Çok değil yüz yıl önce Ortadoğu'da Çin humması, İtalya'da Pers ateşi, Avrupa'da İtalyan gevşekliği, Amerika'da Avrupa züppeliği türünden alakasız tabirlerle anılacak bir hastalığa, bugün hep bir ağızdan Covid-19 gibi teknik isimle hitap etmemiz sizde de distopyan bir bilimkurgu romanındayız hissi uyandırmıyor mu, rüyasında-elektrikli-koyun-göresice muhteremler?

Bizde kısmen uyandırdı. Zira son günlerde vaktimizin büyük bir kısmını, KYH Merkez Ofisi'ni Türkiye'den İtalya'ya taşımakla iyi yapıp yapmadığımıza dair tartışmalar işgal ederken; ülkeyi külliyen tecrit etmesinler mi! Bir kısım çalışan (Denyo Danyal ve Gülbahar), "Hah işte, alın virüsü bakalım. Zaten taşındık taşınalı blog verimliliği de düştü, nerde o eski günler" diye şarlarken; diğer kısım (Ramiz) "A be köfte'orlar, makarna şarap gömerken iyiydi, iç mi iç sesiniz çıkmıyordu" diyerek bu kararın doğruluğunu savundu.
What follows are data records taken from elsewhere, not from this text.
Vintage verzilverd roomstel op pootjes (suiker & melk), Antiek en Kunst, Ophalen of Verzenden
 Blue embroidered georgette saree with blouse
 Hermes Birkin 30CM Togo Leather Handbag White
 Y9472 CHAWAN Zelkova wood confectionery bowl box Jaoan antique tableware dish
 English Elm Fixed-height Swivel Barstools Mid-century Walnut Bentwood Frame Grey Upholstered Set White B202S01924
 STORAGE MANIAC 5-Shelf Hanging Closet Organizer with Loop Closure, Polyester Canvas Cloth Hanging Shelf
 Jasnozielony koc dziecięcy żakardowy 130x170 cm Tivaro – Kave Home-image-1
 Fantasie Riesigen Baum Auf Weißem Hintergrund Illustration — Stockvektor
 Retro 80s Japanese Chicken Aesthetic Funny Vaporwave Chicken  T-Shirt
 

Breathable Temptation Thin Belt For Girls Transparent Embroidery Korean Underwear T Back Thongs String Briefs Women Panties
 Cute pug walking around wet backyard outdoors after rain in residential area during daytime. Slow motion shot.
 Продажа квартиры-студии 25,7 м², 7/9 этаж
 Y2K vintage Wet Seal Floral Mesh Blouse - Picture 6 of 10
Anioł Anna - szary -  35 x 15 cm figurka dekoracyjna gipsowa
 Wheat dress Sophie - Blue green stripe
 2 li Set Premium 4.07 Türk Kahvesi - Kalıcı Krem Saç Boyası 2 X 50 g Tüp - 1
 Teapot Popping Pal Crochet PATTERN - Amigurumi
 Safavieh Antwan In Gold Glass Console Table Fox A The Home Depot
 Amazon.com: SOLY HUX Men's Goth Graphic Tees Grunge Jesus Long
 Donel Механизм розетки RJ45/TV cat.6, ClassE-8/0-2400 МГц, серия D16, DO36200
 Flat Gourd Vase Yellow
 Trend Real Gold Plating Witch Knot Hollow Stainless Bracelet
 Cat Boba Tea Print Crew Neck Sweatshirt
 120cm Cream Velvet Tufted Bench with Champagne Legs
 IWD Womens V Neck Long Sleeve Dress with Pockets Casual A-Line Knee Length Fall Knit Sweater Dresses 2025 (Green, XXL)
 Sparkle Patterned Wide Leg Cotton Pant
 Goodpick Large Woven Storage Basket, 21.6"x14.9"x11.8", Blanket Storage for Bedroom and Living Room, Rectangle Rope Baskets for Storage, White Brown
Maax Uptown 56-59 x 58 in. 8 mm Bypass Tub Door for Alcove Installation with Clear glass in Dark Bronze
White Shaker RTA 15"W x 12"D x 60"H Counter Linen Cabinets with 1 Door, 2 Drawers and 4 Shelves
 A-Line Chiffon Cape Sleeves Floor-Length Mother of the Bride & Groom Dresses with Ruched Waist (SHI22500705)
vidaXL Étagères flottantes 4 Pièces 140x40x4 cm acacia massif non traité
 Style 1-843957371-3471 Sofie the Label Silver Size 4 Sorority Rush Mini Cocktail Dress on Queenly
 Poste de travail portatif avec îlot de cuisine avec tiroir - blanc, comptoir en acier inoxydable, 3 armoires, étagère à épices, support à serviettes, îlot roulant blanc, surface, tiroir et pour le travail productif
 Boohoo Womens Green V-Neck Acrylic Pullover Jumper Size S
Onun gibi "h"leri telaffuz etmeyerek sesten tasarruf sağlayan İtalyan İdari Müdür Covanni, sağlık sisteminin bütçeden az pay almasından blogculuğu bitiren uygulamalara kadar her şeye saydı sövdü. Neyse ki olaylara sağduyuyla yaklaşabilen üçüncü bir kısım (Cemil Abi), Corona virüsünü serinkanlı bir şekilde masaya yatırmanın gerekliliğini anladı da size bu faideli eseri sunma şansını yakaladık.
 
Hint Avrupa dillerinde kökü "zehir"e uzanan "virüs"ün bugünkü anlamıyla ilk kullanımı, 1880'leri bulmuş. O günden bu yana milyonlarca tipteki virüsten anca üç beş binini ayrıntılı şekilde tanımlamayı başarmışız. 

Genel olarak edindiğimiz bilgilere göre; başka bir organizmaya giren ve hücre içinde yaşayan bu virüs bireyler (vireyler) kuluçkadan taşıyıcı bünyenin ölümüne giden kısa süreçte defalarca çoğalır, bir gider bin gelir, gidip gelirken mutasyonla başka bir DNA ya da RNA dizilimine bile sahip olabilirler. Vireyler bir bedendeki yolculuğunda çocuklarını, torunlarını, torunlarının torunlarını ve dahi torunlarını görebildiği için cennetle müjdelenmişlerdir.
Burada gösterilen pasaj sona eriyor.